··· Data extracts ···
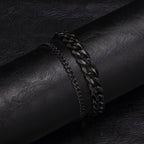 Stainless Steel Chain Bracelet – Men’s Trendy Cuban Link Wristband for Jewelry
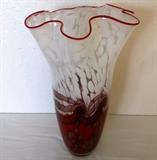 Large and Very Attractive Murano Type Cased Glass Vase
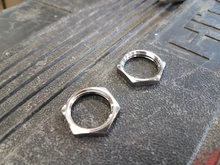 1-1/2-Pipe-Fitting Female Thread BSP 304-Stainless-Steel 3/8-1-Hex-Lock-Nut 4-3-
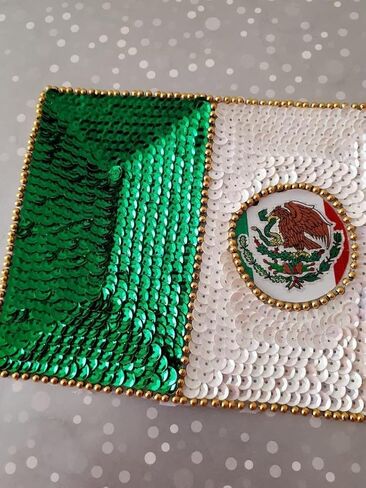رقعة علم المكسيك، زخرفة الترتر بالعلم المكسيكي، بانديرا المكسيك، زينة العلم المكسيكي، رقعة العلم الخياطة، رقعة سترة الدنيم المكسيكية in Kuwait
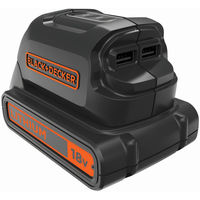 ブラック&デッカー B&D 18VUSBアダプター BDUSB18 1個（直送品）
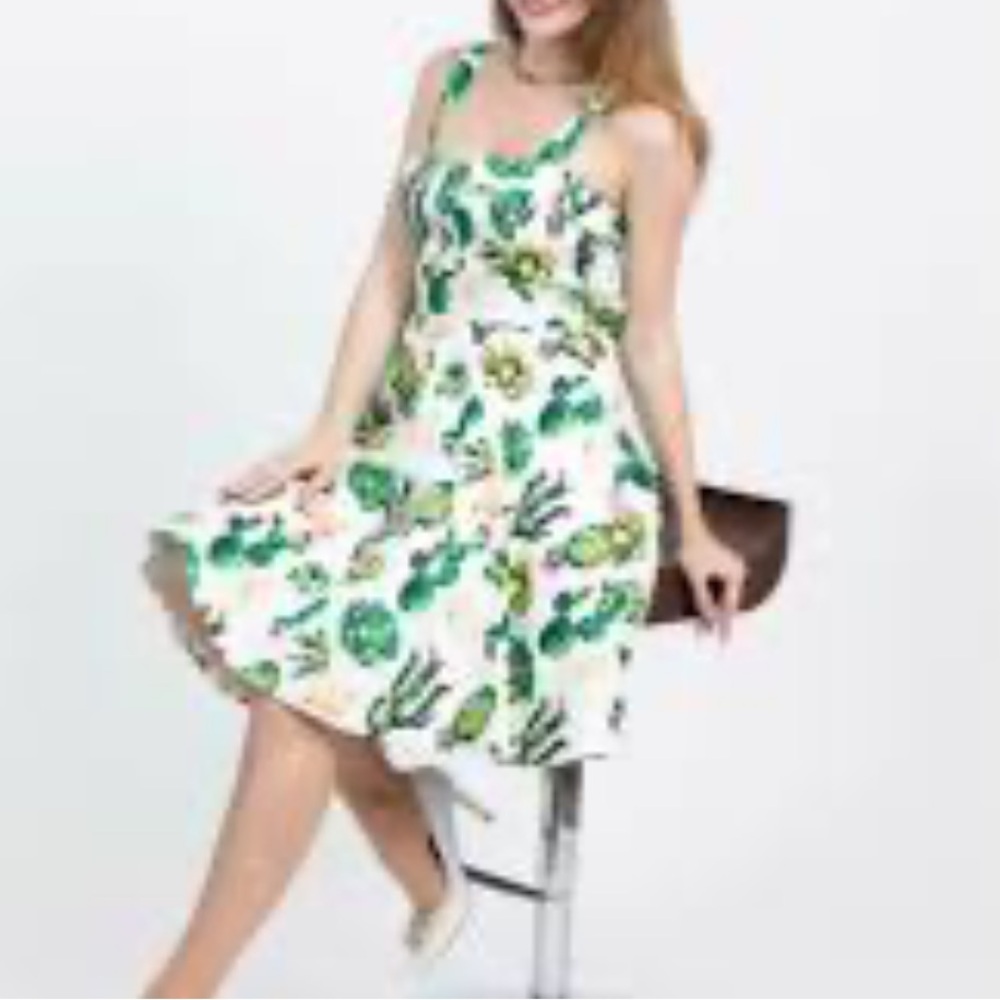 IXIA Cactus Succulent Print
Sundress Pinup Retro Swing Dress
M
···
Please give the entries above again exactly as written, leaving out any pictures.

**Your response:**
 Stainless Steel Chain Bracelet – Men’s Trendy Cuban Link Wristband for Jewelry
 Large and Very Attractive Murano Type Cased Glass Vase
 1-1/2-Pipe-Fitting Female Thread BSP 304-Stainless-Steel 3/8-1-Hex-Lock-Nut 4-3-
رقعة علم المكسيك، زخرفة الترتر بالعلم المكسيكي، بانديرا المكسيك، زينة العلم المكسيكي، رقعة العلم الخياطة، رقعة سترة الدنيم المكسيكية in Kuwait
 ブラック&デッカー B&D 18VUSBアダプター BDUSB18 1個（直送品）
 IXIA Cactus Succulent Print
Sundress Pinup Retro Swing Dress
M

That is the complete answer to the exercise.